## THE DATA
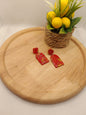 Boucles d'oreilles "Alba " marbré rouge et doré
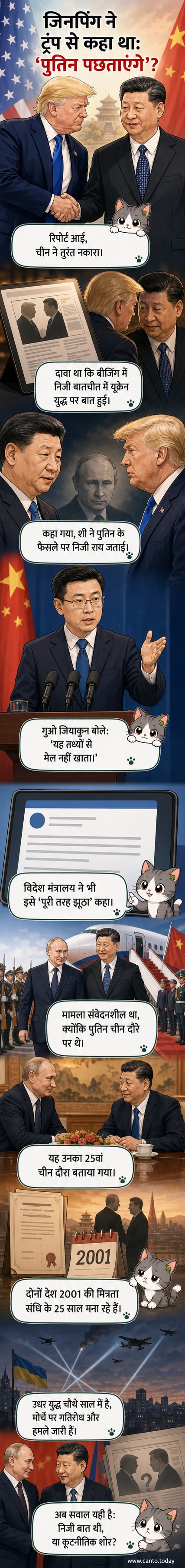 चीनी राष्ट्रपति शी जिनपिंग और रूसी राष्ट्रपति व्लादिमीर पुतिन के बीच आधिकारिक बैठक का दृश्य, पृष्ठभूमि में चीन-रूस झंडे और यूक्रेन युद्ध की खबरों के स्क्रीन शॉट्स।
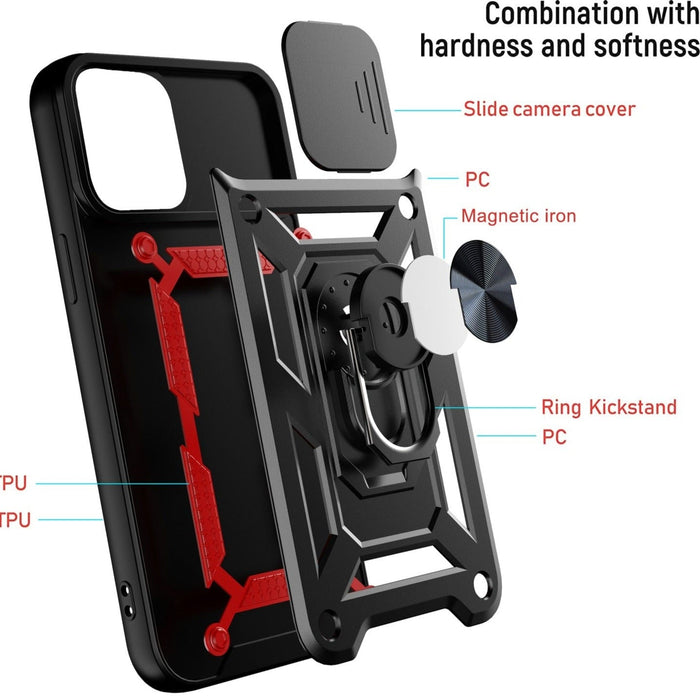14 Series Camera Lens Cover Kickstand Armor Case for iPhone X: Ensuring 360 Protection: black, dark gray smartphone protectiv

## WORK REQUIRED
The response consists of the data above printed line for line, with no pictures.

## EXERCISE SOLUTION
 Boucles d'oreilles "Alba " marbré rouge et doré
 चीनी राष्ट्रपति शी जिनपिंग और रूसी राष्ट्रपति व्लादिमीर पुतिन के बीच आधिकारिक बैठक का दृश्य, पृष्ठभूमि में चीन-रूस झंडे और यूक्रेन युद्ध की खबरों के स्क्रीन शॉट्स।
14 Series Camera Lens Cover Kickstand Armor Case for iPhone X: Ensuring 360 Protection: black, dark gray smartphone protectiv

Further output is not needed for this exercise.